Inconvenient Truth, Retold
Down To Earth|December 01, 2017

Every issue is contested because it is the contest of ideas and of realities. These exclusive excerpts from Sunita Narain's new book, Conflicts of Interest remind us of the politics behind climate change that threatens our common future

Sunita Narain
Inconvenient Truth, Retold

It was the late 1980s. My colleague Anil Agarwal and I were searching for ways to regenerate wasted common lands. We learnt that unless people benefited from these common lands, they would not keep their goats out. The forests would not regenerate. So, cooperation was essential. Cooperation required equitable distribution of the rights and benefits of these lands. We understood goats.

Around the same time, in 1990, a prestigious US research institution, World Resources Institute (WRI), published its annual report. This said, for the first time, that not only did climate change impact everyone, but also that everybody was responsible for emissions that caused climate change. Their data showed that methane, which comes from growing rice or livestock (enteric fermentation or farting) was responsible for the bulk of emissions. They also showed data that developing countries contribute nearly half the emissions that cause climate change.Anil and I were blissfully unaware of these findings or the implications for the ongoing negotiations on a global agreement to combat climate change. But we were pulled into this debate.
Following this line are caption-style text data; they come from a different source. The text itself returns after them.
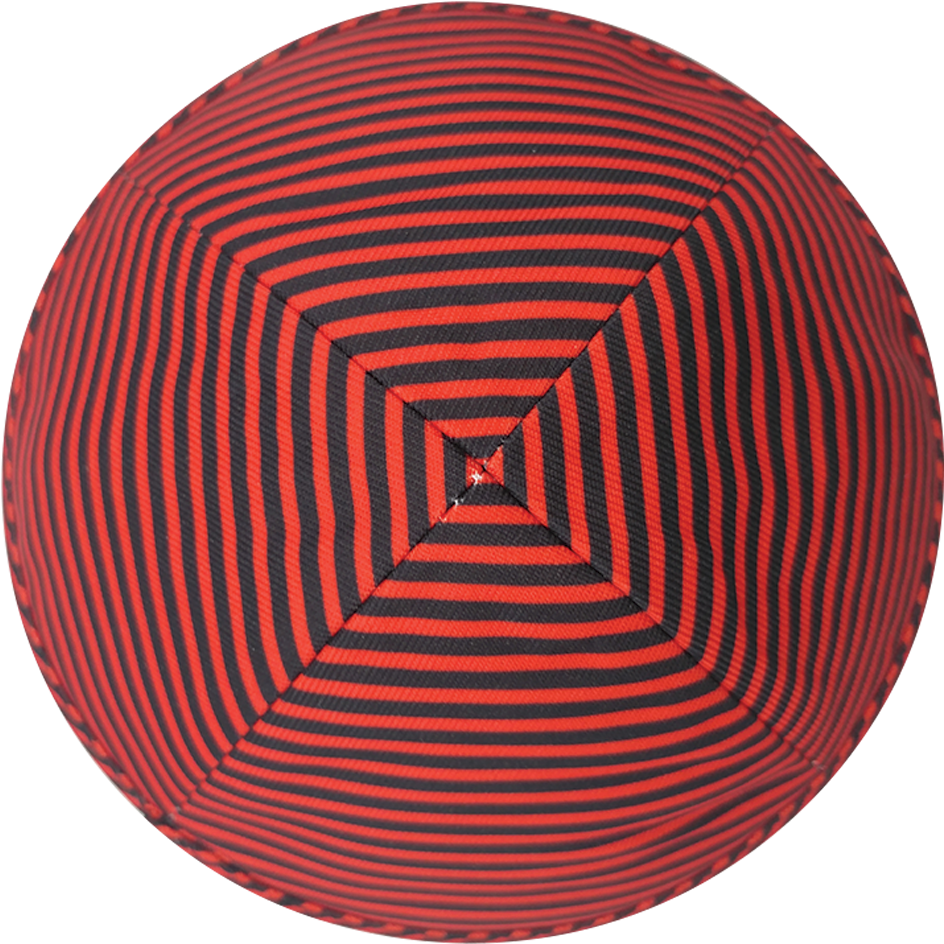 Sear Sucker - Red L - Optical Illusion (1001x1001), Png Download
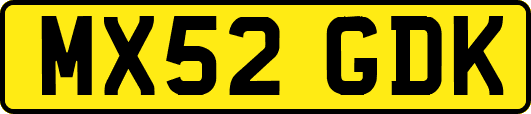 MX52GDK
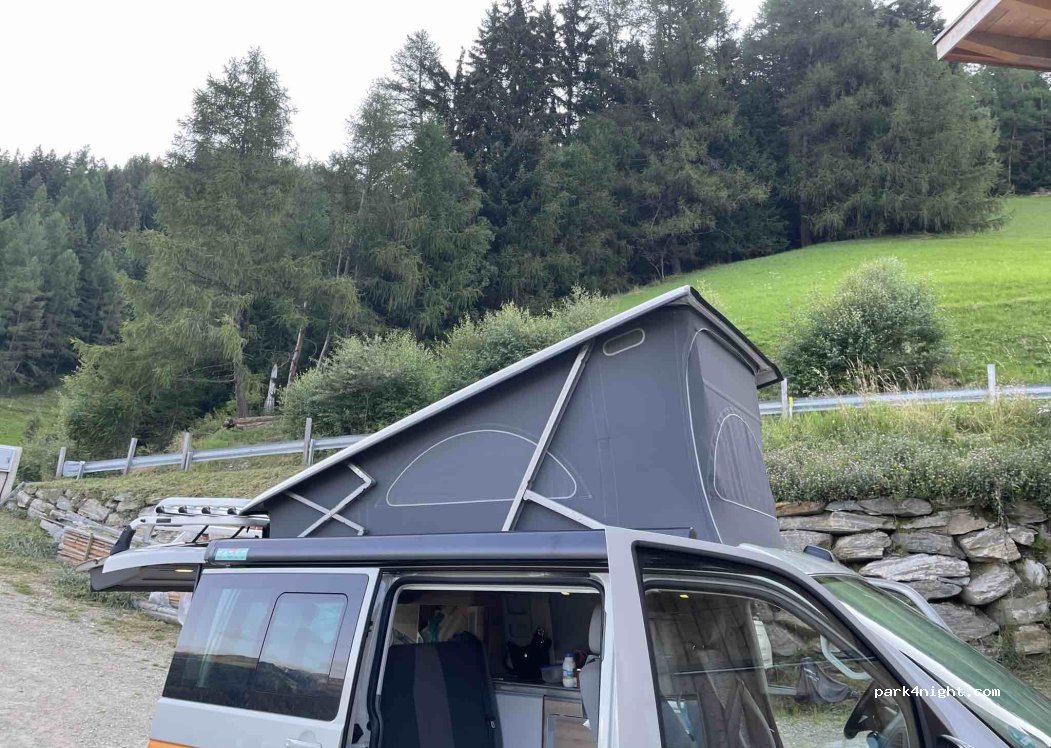 (21070) Campo di Trens - 2 Localita' Caspineto — foto 5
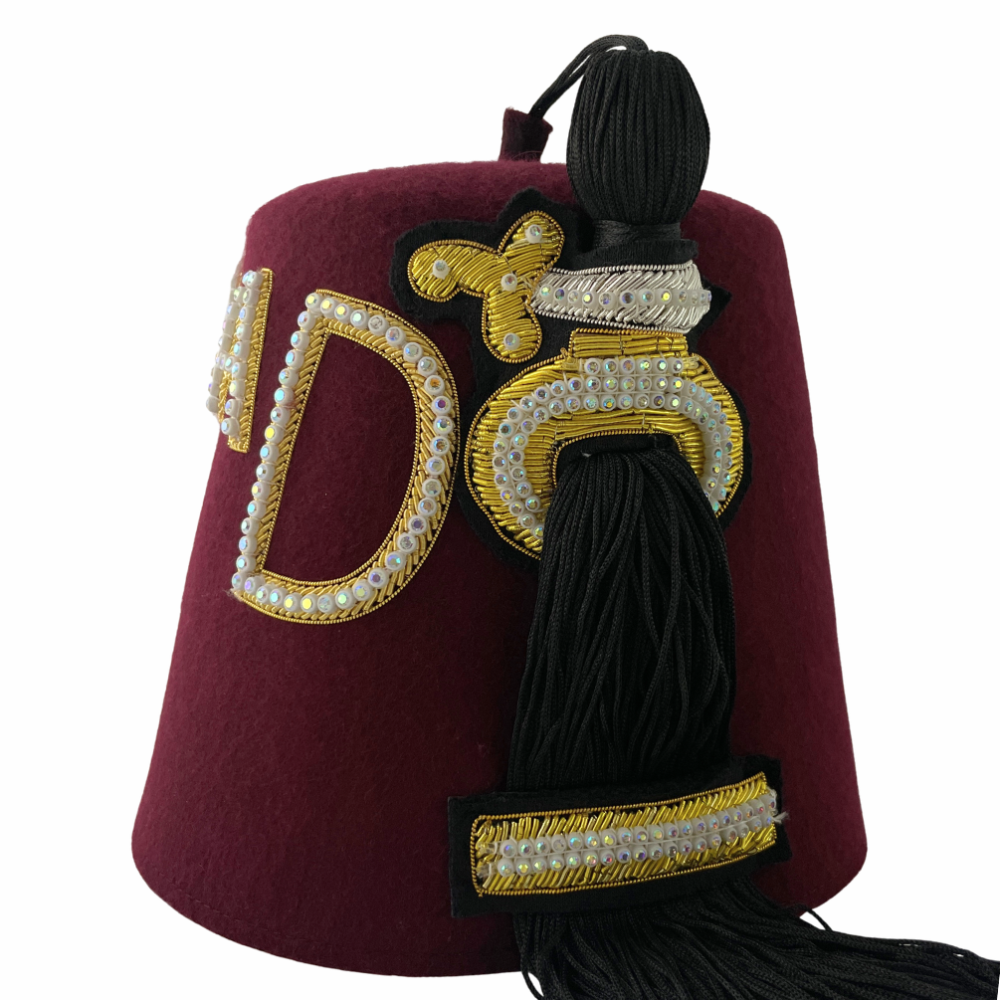 Shriners Fez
We got a call from the rather flummoxed chief minister of Himachal Pradesh, Shanta Kumar, who wanted to know how he should tell his people to stop keeping animals or eating rice. We asked why he wanted to know. He showed us a letter, written by then environment minister Maneka Gandhi. She had just visited Washington DC and, based on her interactions with the WRI, had written to him, asking for restraints on ‘unsustainable’ things like growing rice or keeping animals. ‘How do I do this?’ he asked us. ‘Do the animals of the poor really disrupt the world’s climate system?’

We were equally flummoxed. It seemed absurd. Our work told us that the poor were victims of environmental degradation. Here they were now, complete villains. How?